Permanecieron en silencio, mirándose unos a otros interrogantes.

—¿De qué sirve el Manto de la Inmortalidad si no se usa? —preguntó Ak—. ¿De qué nos serviría a cualquiera de nosotros dejar que permanezca en su solitario santuario por los siglos de los siglos?

—¡Suficiente! —gritó el Rey de los Gnomos bruscamente—. Votaremos sobre el asunto, sí o no. Por mi parte, ¡yo digo que sí!

—¡Y yo! —dijo la Reina de las Hadas, con prontitud, y Ak la recompensó con una sonrisa.

—Mi gente de Burzee me ha dicho que han aprendido a quererlo; por lo tanto, voto por darle a Claus el Manto —dijo el Rey de los Ryls.

—Él ya es camarada de los Knooks —anunció el anciano Rey de aquella banda—. ¡Démosle la inmortalidad!

—¡Que la tenga, que la tenga! —suspiró el Rey de los Demonios del Viento.

—¿Por qué no? —preguntó el Rey de los Duendes del Sueño—. Él nunca perturba los sueños que mi pueblo permite a la humanidad. ¡Que el buen Claus sea inmortal!

—Yo no me opongo —dijo el Rey de los Duendes del Sonido.

—Yo tampoco —murmuró la Reina de los Espíritus del Agua.

—Si Claus no recibe el Manto está claro que nadie más podrá reclamarlo jamás —remarcó el Rey de los Elfos de la Luz—, así que acabemos con el asunto para siempre.

—Las Ninfas del Bosque fueron las primeras en adoptarlo —dijo la Reina Zurline—. Por supuesto, votaré para que sea inmortal.

Ak se volvió hacia e Maestro de los Agricultores del Mundo, que levantó el brazo y dijo:

—¡Si!

Y el Maestro de los Marineros del Mundo hizo lo mismo, tras lo cual Ak, con los ojos brillantes y el rostro sonriente, gritó:

—¡Les doy las gracias, compañeros inmortales!

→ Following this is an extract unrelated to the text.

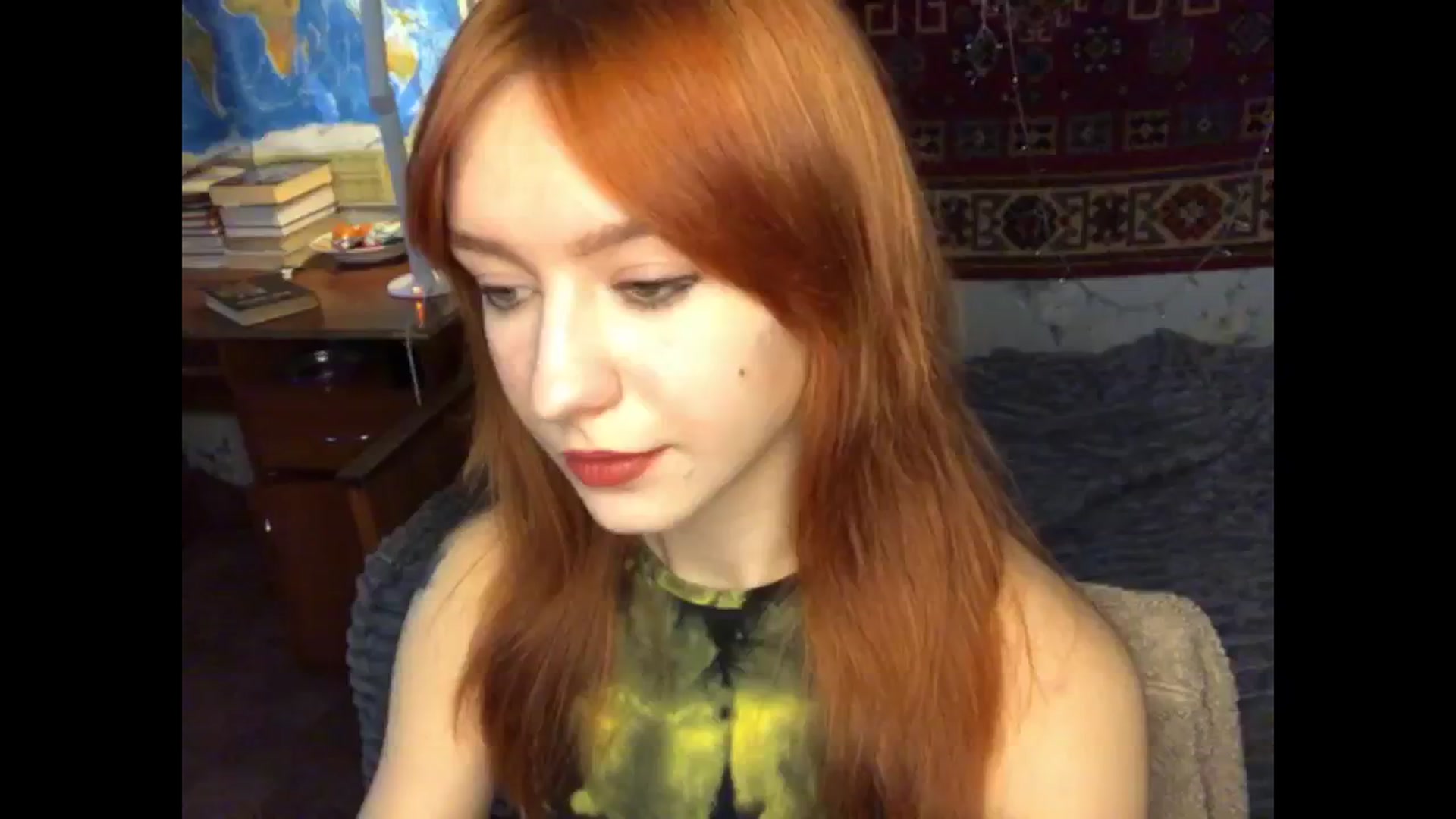 Gallery image thumbnail from Sia_A's myfreecams stream on, 01/07/2025, 11:59 image 1 of 20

Porque todos han votado “sí”, y así nuestro querido Claus recibirá el único Manto de la Inmortalidad que está en nuestro poder otorgar.

—Traigámoslo de inmediato —dijo el Rey Sueño, Fay—; tengo prisa.

Asintieron con una reverencia, y al instante el claro del Bosque quedó desierto. Pero en un lugar a medio camino entre la tierra y el cielo estaba suspendida una reluciente cripta de oro y platino, resplandeciente con las suaves luces que desprendían las facetas de incontables gemas. Dentro de una alta cúpula colgaba el precioso Manto de la Inmortalidad, y cada inmortal puso una mano sobre el dobladillo de la espléndida Túnica y dijo, como con una sola voz:

—¡Concedemos este Manto a Claus, llamado el Santo Patrón de los Niños!

Al oír esto, el Manto se desprendió de su elevada cripta y lo llevaron a la casa del Valle de la Risa.

El Espíritu de la Muerte estaba agazapado junto a la cama de Claus, y cuando los inmortales se acercaron, se levantó de un salto y los hizo retroceder con un gesto de enfado. Pero cuando sus ojos se posaron en el Manto que llevaban, se encogió con un gemido de decepción y abandonó la casa para siempre.

Suave y silenciosamente, grupo de inmortales dejó caer sobre Claus el precioso Manto, que se cerró sobre él, se hundió en los contornos de su cuerpo y desapareció de su vista. Se convirtió en parte de su ser, y ni mortales ni inmortales podrían arrebatárselo jamás.

Entonces, los Reyes y Reinas que habían llevado a cabo esta gran hazaña se dispersaron hacia sus hogares, y todos se sintieron satisfechos de haber añadido otro inmortal a su pandilla.

Y Claus seguía durmiendo, con la sangre roja de la vida eterna corriendo velozmente por sus venas; y en su frente había una gotita de agua que había caído del vestido siempre derretido de la Reina de los Espíritus del Agua, y sobre sus labios flotaba un tierno beso que le había dejado la dulce Ninfa Necile. Ella había entrado cuando los demás se habían ido para contemplar embelesada la forma inmortal de su hijo adoptivo.